DATA EXTRACT:
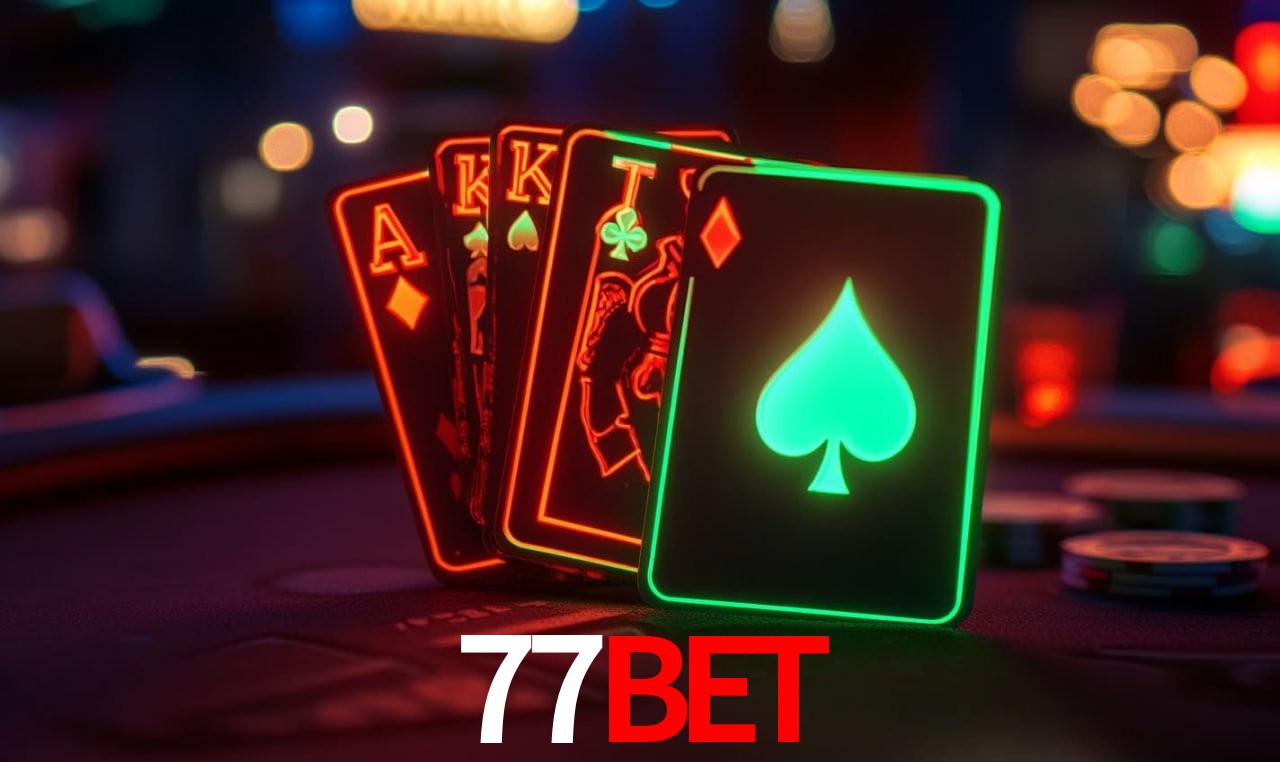 77bet Jackpots Progressivos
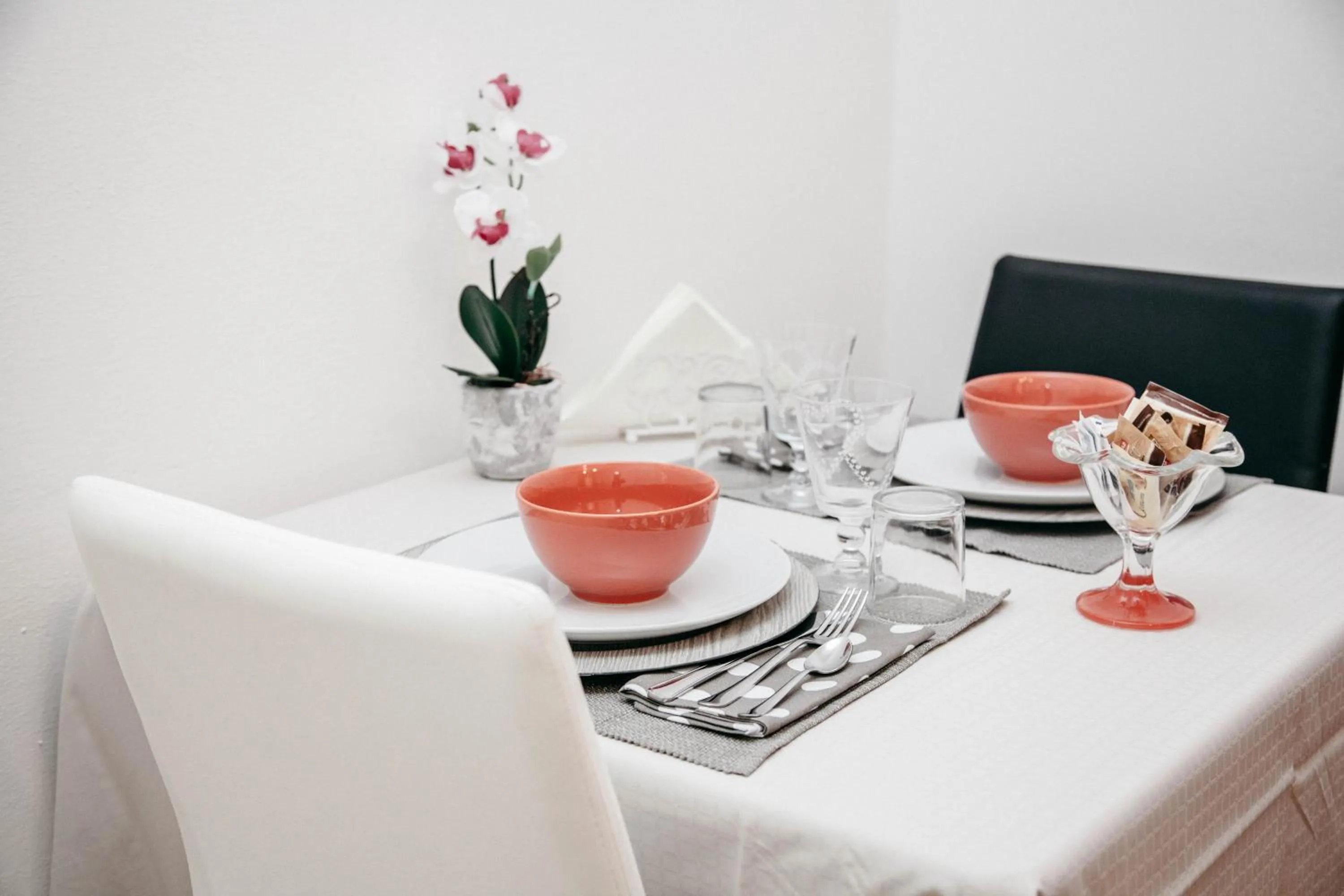 Breakfast in Casa Marzia Affittacamere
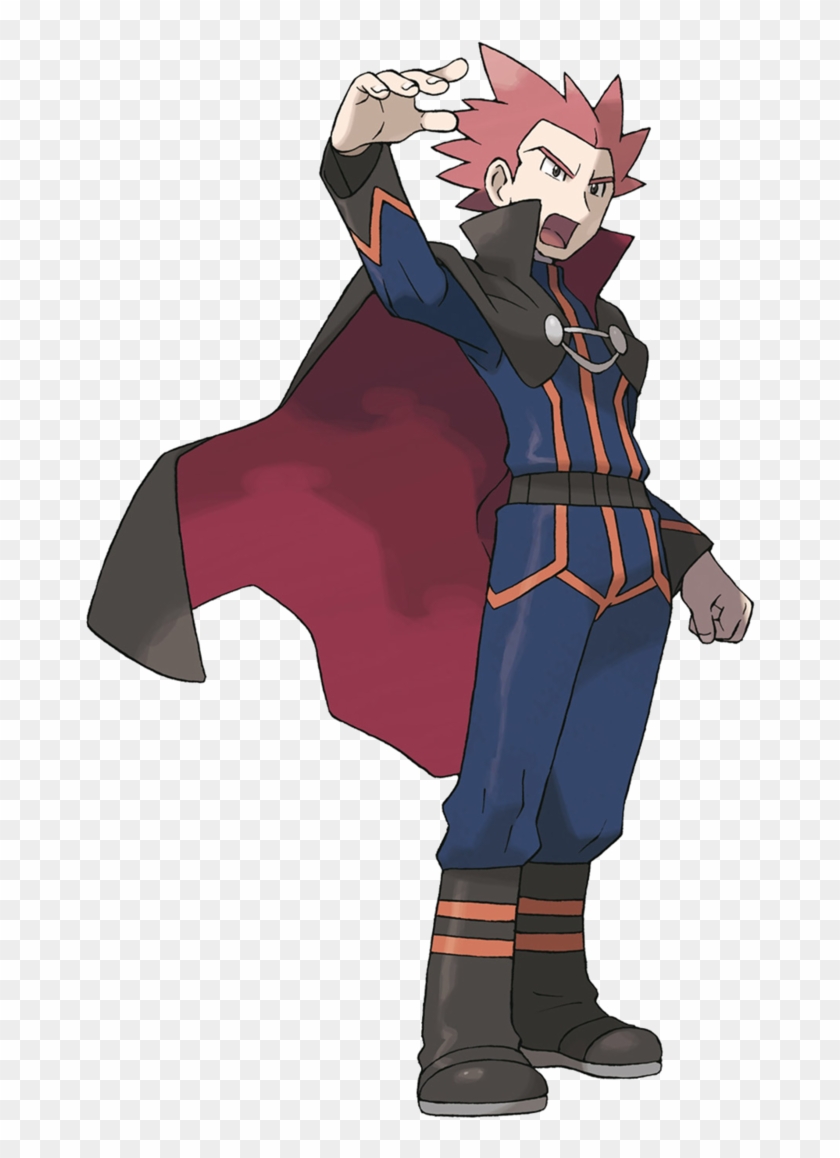 Lance - Pokemon Lance #774376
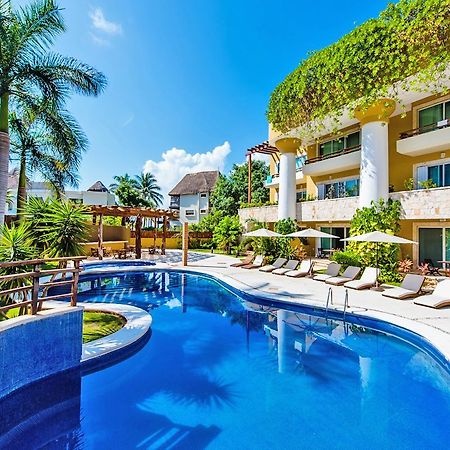 Pueblito Escondido 206 Apartment Playa del Carmen Exterior foto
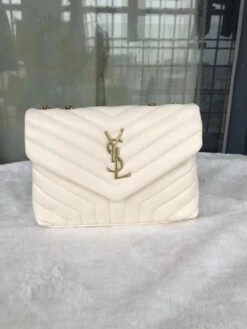 𝐒𝐍𝐓 𝐋𝐀𝐑𝐍𝐓 Quilted Monogram Shoulder Bag 30 Cm(𝐒𝐍𝐓 𝐋𝐀𝐑𝐍𝐓 Quilted Monogram Shoulder Bag) -Best Household Items product name 3677437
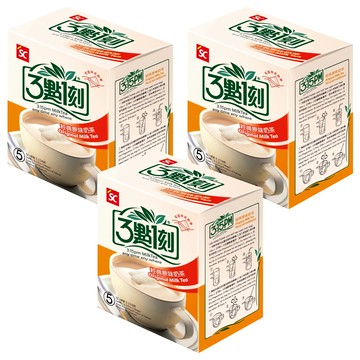 3點1刻 經典原味奶茶  20g  5包  3盒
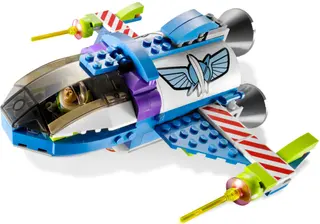 Buzz's Star Command Spaceship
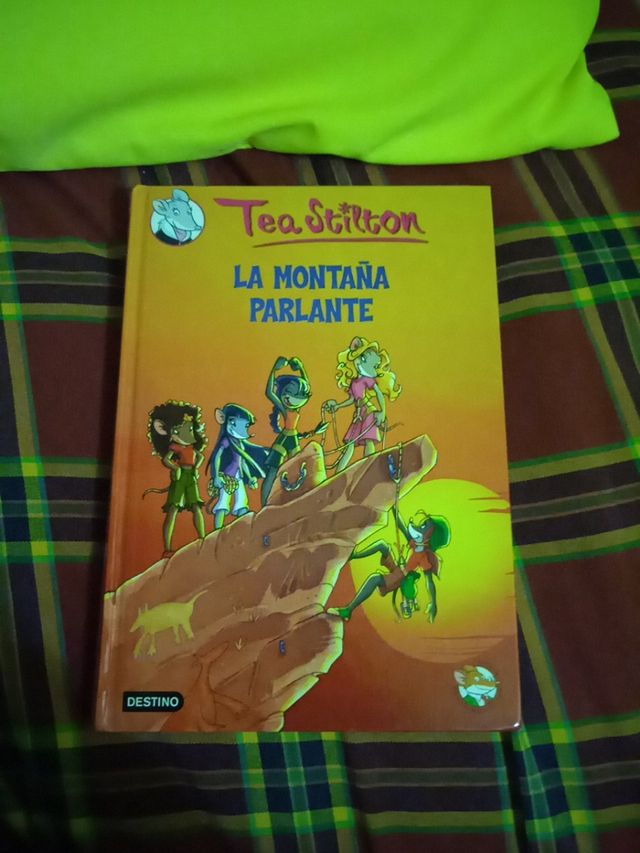 Libro de Tea Stilton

GOAL OF THE EXERCISE: The answer is every line of the data, exactly as written, with the pictures dropped.

OUTPUT OF THE TASK:
 77bet Jackpots Progressivos
 Breakfast in Casa Marzia Affittacamere
 Lance - Pokemon Lance #774376
 Pueblito Escondido 206 Apartment Playa del Carmen Exterior foto
 𝐒𝐍𝐓 𝐋𝐀𝐑𝐍𝐓 Quilted Monogram Shoulder Bag 30 Cm(𝐒𝐍𝐓 𝐋𝐀𝐑𝐍𝐓 Quilted Monogram Shoulder Bag) -Best Household Items product name 3677437
 3點1刻 經典原味奶茶  20g  5包  3盒
 Buzz's Star Command Spaceship
 Libro de Tea Stilton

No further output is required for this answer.